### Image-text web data
────────
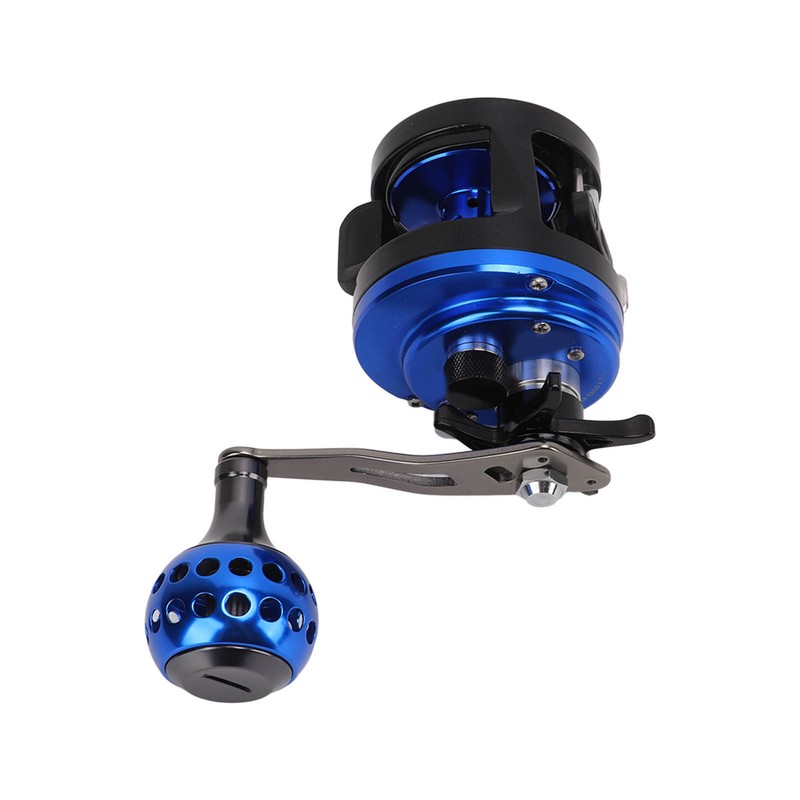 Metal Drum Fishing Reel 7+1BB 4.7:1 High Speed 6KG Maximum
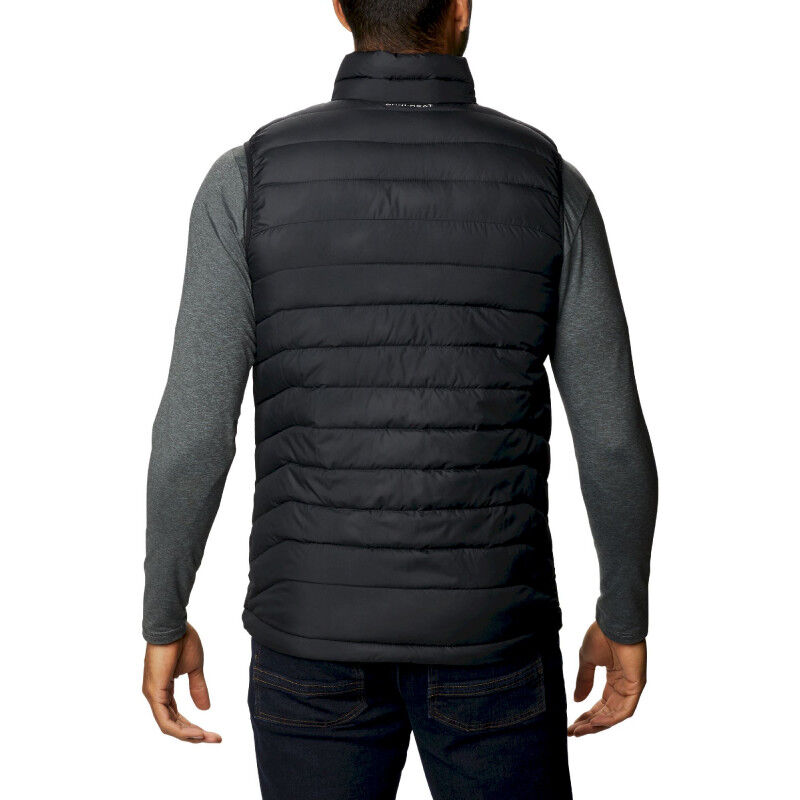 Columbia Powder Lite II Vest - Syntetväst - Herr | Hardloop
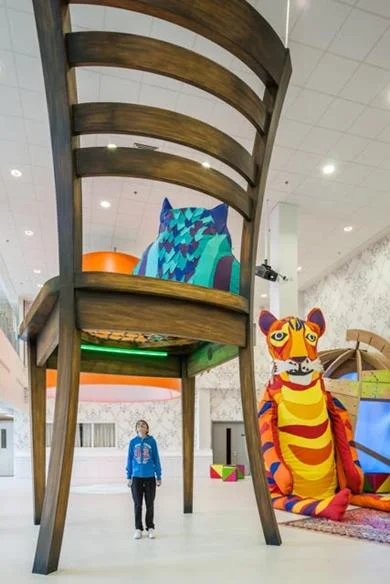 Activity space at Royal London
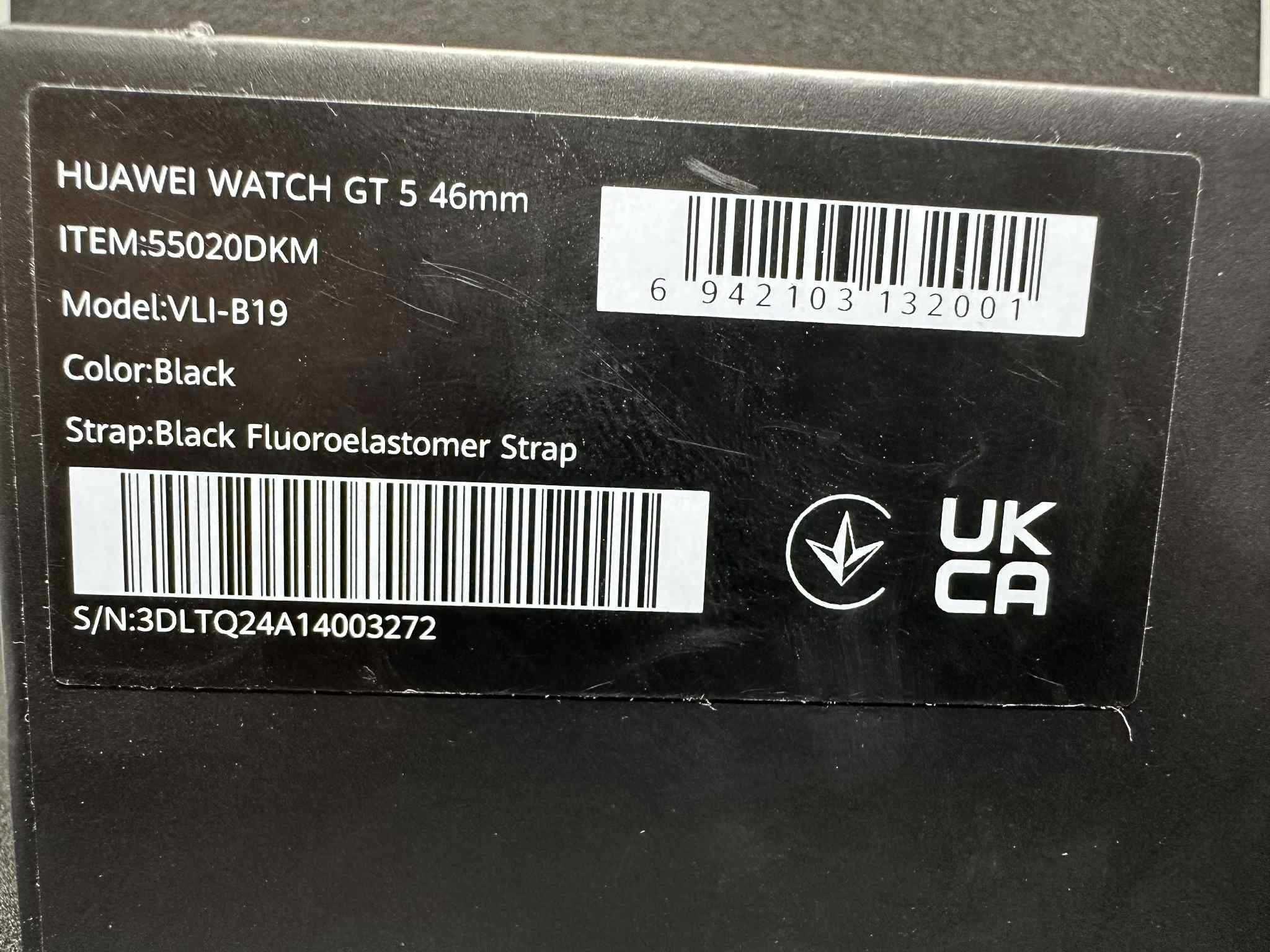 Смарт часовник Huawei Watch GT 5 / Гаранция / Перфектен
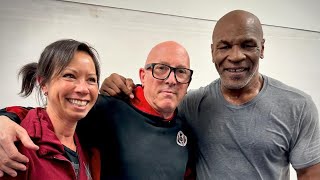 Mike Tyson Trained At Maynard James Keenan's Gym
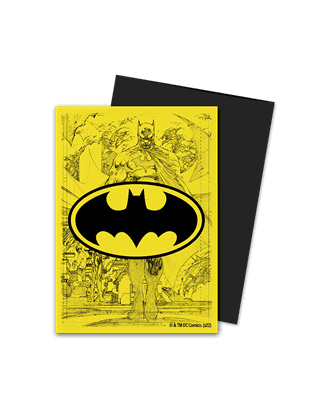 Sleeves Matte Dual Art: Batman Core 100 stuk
────────
### EXERCISE REQUIREMENTS
Because pictures are not wanted, give every entry above again exactly without them.

### ANSWER
 Metal Drum Fishing Reel 7+1BB 4.7:1 High Speed 6KG Maximum
 Columbia Powder Lite II Vest - Syntetväst - Herr | Hardloop
 Activity space at Royal London
 Смарт часовник Huawei Watch GT 5 / Гаранция / Перфектен
 Mike Tyson Trained At Maynard James Keenan's Gym
 Sleeves Matte Dual Art: Batman Core 100 stuk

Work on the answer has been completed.